By Harry Maurer, Bloomberg Business Week

It’s been a good start for Dilma Rousseff. The Brazilian President, who took office on Jan. 1, has stepped out from under the shadow of her ebullient predecessor and mentor, Luiz Inácio Lula da Silva, and established her identity as a hard-nosed pol. In February, she jack-hammered through Congress a minimum wage far below the amount demanded by the unions that constitute the base of her Workers’ Party. Then her government sent a valentine to the markets by pledging to slash this year’s budget. During President Barack Obama’s visit, she bluntly called for a more balanced trade relationship with the U.S.

“People are pleased,” says Robson Barreto, a corporate lawyer who heads the Rio de Janeiro chapter of the American Chamber of Commerce for Brazil. “She’s making her own decisions, and they’re not necessarily the ones Lula would have taken.” In a Datafolha poll released on Mar. 21, Rousseff had a 47 percent approval rating, higher than Lula’s after three months in office.

Yet Brazilians also are starting to feel uneasy about how expensive their emerging-market economy is getting. Rousseff inherited an economy superheated in part by Lula’s effort to get her elected. Federal spending exploded in 2010. In February inflation reached its fastest rate—6 percent—since November 2008. Consumers are feeling the pinch. “My grocery bill is getting bigger every month,” says Alexandra Camargo, a 26-year-old hairdresser shopping at a C&A Group apparel store in Copacabana. “Services are more expensive. I only buy what’s strictly necessary, and I pay in installments.” The central bank has raised the benchmark rate from 8.75 percent a year ago to 11.75 percent. Economists expect another half-point hike in April.
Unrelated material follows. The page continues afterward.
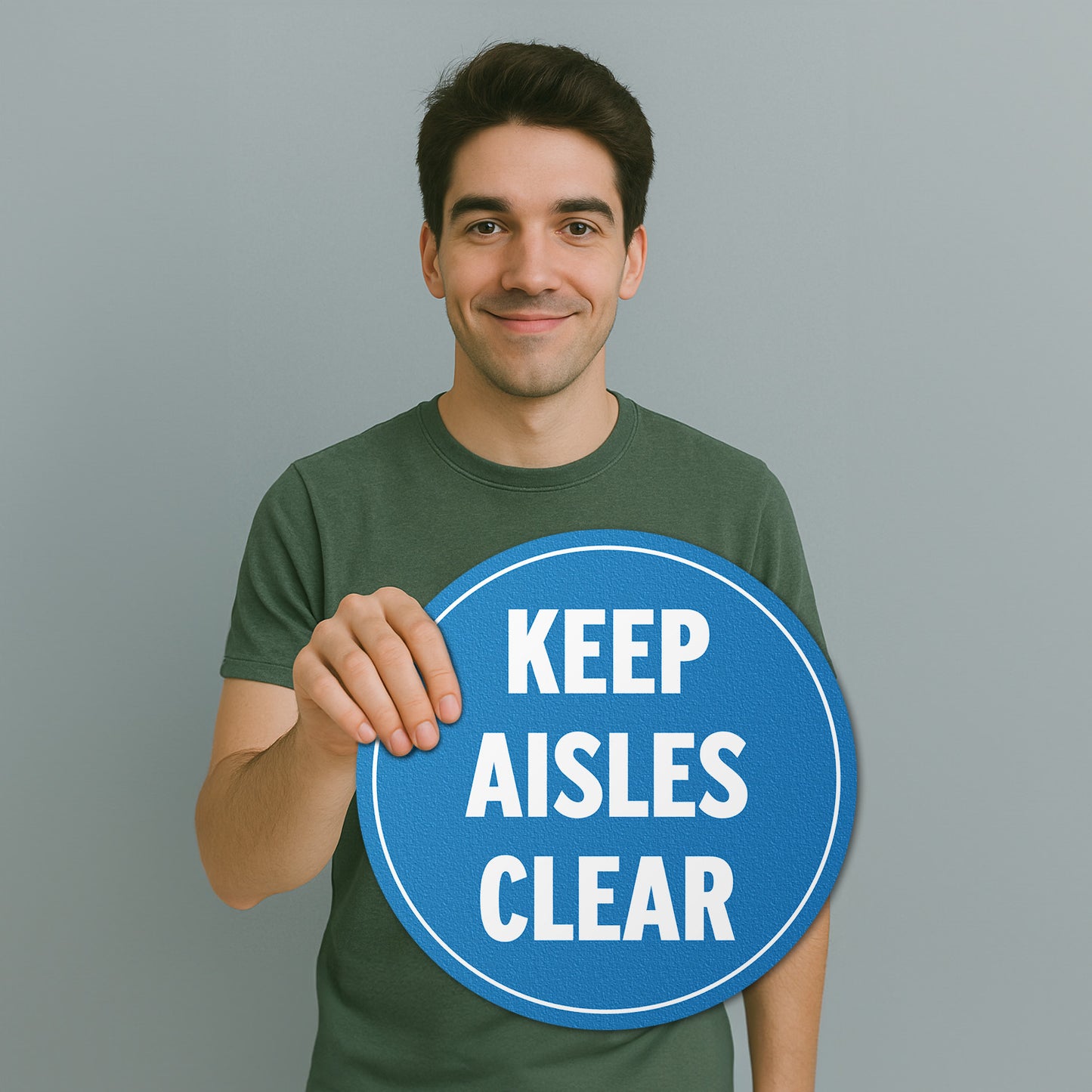 17 x 17in Floor Signs: Keep Aisles Clear Anti-Slip Vinyl (2-Pack)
With spending cuts imperative, the new President demanded that her coalition support a formula increasing the minimum wage by 6.8 percent, to $324 a month, though the unions called for $360. It was a crucial fight because pensions are linked to minimum-wage levels. The bill passed overwhelmingly, to the unions’ dismay. “It was a disaster,” says Ricardo Patah, president of the 6 million-member General Union of Workers. “With Lula it was different. He listened to us.”

It was hardly a complete victory for fiscal hawks. Under the formula, the wage could rise 13 percent in 2012. The recent announcement of 50.7 billion reais ($30.5 billion) in budget cuts was undermined days later when Rousseff announced a 2.2 billion reais increase in the “Bolsa Familia” welfare program. The Treasury also said it would borrow 55.1 billion reais to lend at heavily subsidized rates to the national development bank, which in turn will lend out the money for infrastructure projects. “The budget cut is positive,” says Felipe Salto, an analyst at Tendencias Consultoria Integrada in São Paulo. “But the government’s argument that the bank’s cheap credits don’t pressure inflation is wrong in the short term.”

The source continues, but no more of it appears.